Personal information
- Full name: Florian Spalteholz
- Nationality: Germany
- Born: 4 March 1977 (age 49) Hamburg, West Germany
- Height: 1.77 m (5 ft 9+1⁄2 in)
- Weight: 70 kg (154 lb)

Sailing career
- Sport: Sailing
- Club: Norddeutscher Regatta Verein
- Coached by: Rigo de Nijs (NOR)
- Class: Multihull

= Florian Spalteholz =

German sailor

Florian Spalteholz (born 4 March 1977) is a German former sailor who specialized in the multihull (Tornado) class. Together with his partner Johannes Polgar, he was named one of the country's top sailors in the mixed multihull catamaran for the 2008 Summer Olympics, finishing in eighth place. A member of North German Regatta Club (Norddeutscher Regatta Verein), Spalteholz trained for most of his competitive sailing career under the tutelage of his Norwegian-born personal coach Rigo de Nijs.

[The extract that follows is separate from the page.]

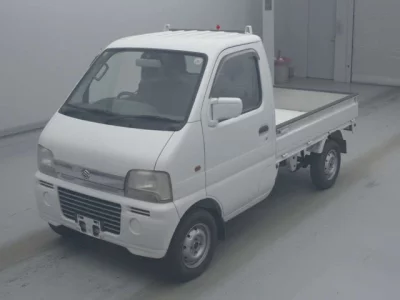 Suzuki CARRY TRUCK  с аукциона в Японии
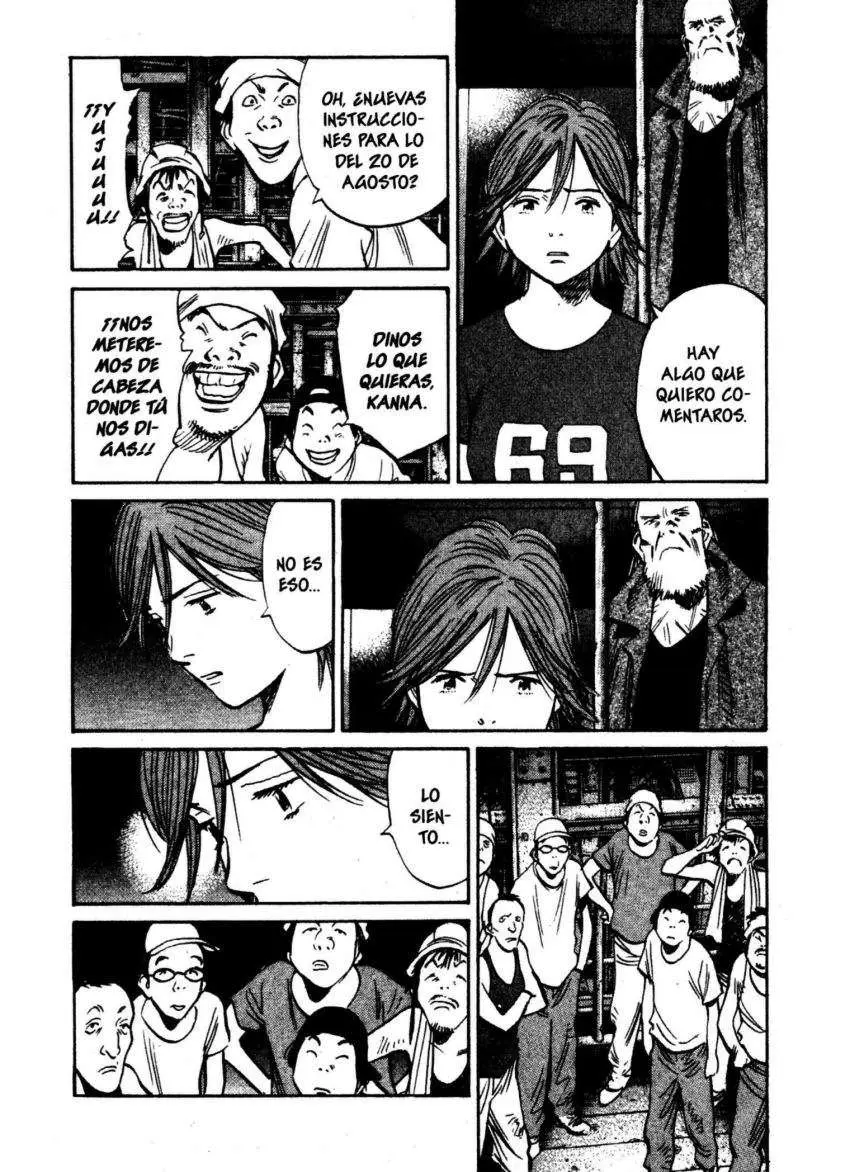 20th Century Boys capítulo 197, página 10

Spalteholz competed for the German sailing squad as a 31-year-old skipper in the Tornado class at the 2008 Summer Olympics in Beijing. Leading up to their maiden Games, he and skipper Polgar topped the selection criteria in a duel against brothers Tino and Niko Mittelmeier for the country's Tornado berth, based on their cumulative scores attained at two international regattas stipulated by the German Sailing Federation (Deutscher Segler Verband). The German duo started off the race series in the middle of the fleet until shifty wind conditions propelled them to the front in the final half, with a single victory and a triad of top-five marks, making both Spalteholz and Polgar eligible for the medal race. An unforeseen capsize by the German duo on the initial run, however, caused their medal chances to vanish, dropping them to eighth overall with 74 net points.